Montgomery also refers to Grant, E.L., and R.S. Leavenworth (1980). Statistical Quality Control, 5th ed. in using $D$ values based upon probability limits of a distribution and that those results are typically very agreable with the $D_3$ and $D_4$ values. They may provide another option for a closed formula, however Mongomery points to a table of values for the proability-based limits as well.

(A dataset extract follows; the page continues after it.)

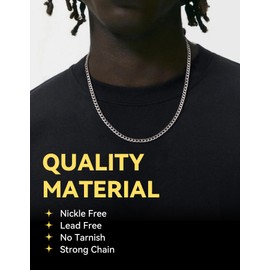 ChainsHouse Men Women 4mm Stainless Steel Necklace Hip Hop Jewelry Choker Curb Cuban Link Chain Necklace, Fashion Jewelry, 14 Inch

• As the above mentioned manual "ASTM MNL X" is quite expensive, do you know if it contains formulae for the other basic coefficients as well, say $B_3$, $B_4$, $A_2$, and $A_3$, etc? That would be interesting to know before purchase. Cheers. Commented Aug 8, 2017 at 6:20
• @mikuszefski, ASTM MNL 7 contains the formulae for all of the other basic formulae as well. Commented Aug 11, 2017 at 4:15
• For $d_2$. the expression inside the bracket should be $1 - (1 - \alpha_1)^n - \alpha_1^n$. Commented Jun 15, 2023 at 23:25

I know this is a closed answer, but just to extend a little bit of the discussion, and because it's also one of my favorite subjects I would like to add an article I found.

The article it's called: Tables of Range and Studentized Range by H. Leon Harter https://www.jstor.org/stable/2237810?seq=1.

Page 1124 presents the following equation that was used in order to compute the moments of the range statistics.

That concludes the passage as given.